Heikin Ashi Vinh Tho, docteur en sciences de l'éducation de l'Université de Genève, est un praticien ayant une longue expérience de la formation dans le domaine éducatif et social ainsi que dans la formation de formateurs. Il a fondé une Organisation Non Gouvernementale : Eurasia, afin de promouvoir l'intégration des enfants handicapés au Vietnam.
Il pratique et enseigne le Bouddhisme Zen dans la tradition vietnamienne. Il est responsable de la formation au Comité International de la Croix Rouge CICR à Genève
ECOUTE PROFONDE Texte extrait du livre "Présence au cœur" écrit par Heikin Ashi Vinh Tho.
16 février 2011, 07:29
Dans un soutra nommé le Sarangama Soutra, il est raconté comment Quan Am ( nom vietnamien d'Avalokitesvara) est arrivée à l’Éveil. Elle est arrivée à l’Éveil par l'écoute profonde. Elle s'asseyait tous les jours au bord de l'océan et elle écoutait les vagues. Elle écoutait la marée qui montait et qui descendait. Elle écoutait les vagues si profondément qu'elle s'est éveillée par l'écoute de la mélodie des vagues. Ceci est d'autant plus étonnant que Quan Am n'est pas connue comme étant Celle qui écoute les vagues, mais comme Celle qui écoute les souffrancs du monde. Toutefois, elle ne s'asseyait pas en méditation dans un hôpital ou dans une prison pour écouter les lamentations de ceux qui souffrent ; elle s'asseyait au bord de la mer pour écouter les vagues.

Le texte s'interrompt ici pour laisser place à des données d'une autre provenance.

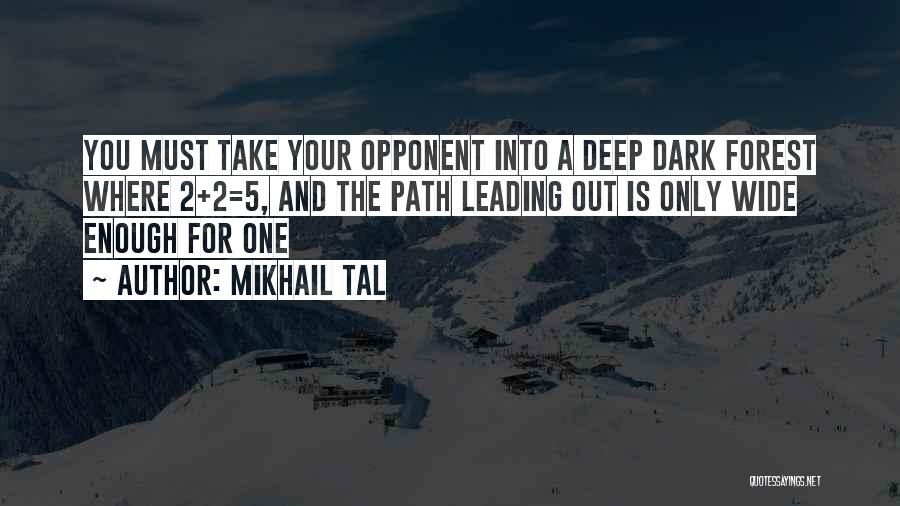 Mikhail Tal Quotes: You Must Take Your Opponent Into A Deep Dark Forest Where 2+2=5, And The Path Leading Out Is Only Wide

Lorsqu'on écoute les vagues, il y a quelque chose de très particulier. Il y a un bruit fort qui diminue progressivement et disparaît ; puis qui revient pour disparaître à nouveau. Lorsque la marée monte, le bruit est fort et lorsqu'elle se retire, le bruit s'éloigne. Le secret de l' Écoute de Quan Am, c'est d'être capable d'écouter le son mais aussi le silence. Lorsque nous arrivons à entendre le silence, nous touchons la dimension ultime. Lorsque nous entendons le son, nous sommes dans la dimension relative. Mais en réalité, ces deux dimensions sont toujours simultanées.
Lorsque nous entendons quelqu'un parler, nous entendons des sons. Entre les mots, il y a des moments de silence. Habituellement notre conscience est conditionnée à n'entendre que les mots, mais, l'essentiel, c'est ce qu 'il y a entre les mots. Lorsqu'on s'habitue à écouter entre les mots, l'on se rend compte que même lorsqu'il y a des sons, le silence n'est pas perturbé. Aucun bruit ne peut emplir tout le silence.
La pratique consiste donc à s'exercer à observer le silence entre les sons. Notre expérience devient alors plus spacieuse, plus libre, nous ne nous sentons plus oppressé par les phénomènes qui ne sont jamais qu'une infime partie de la totalité.
Nous pouvons en faire l'expérience avec une cloche. Nous pouvons faire silence quelques instants, puis laisser résonner une cloche et observer comment le son naît, s'amplifie, décroît et, à un certain moment, disparaît. Essayons alors de maintenir notre attention auditive alors qu'il n'y a plus rien à entendre. Nous portons notre attention concentrée sur le son, puis le son disparaît, mais nous maintenons vigilante notre attention. Ce que nous faisons habituellement, c'est que nous remplissons immédiatement ce vide par autre chose. Essayons de ne pas remplir ce vide, maintenons l'attention une fois que le son a disparu, ne le remplaçons pas par autre chose.
Que se passe -t-il lorsqu'on écoute le silence?
Que se passe-t-il lorsqu'on regarde l'espace vide?
Que se passe-t-il lorsque l'on écoute entre les mots du discours?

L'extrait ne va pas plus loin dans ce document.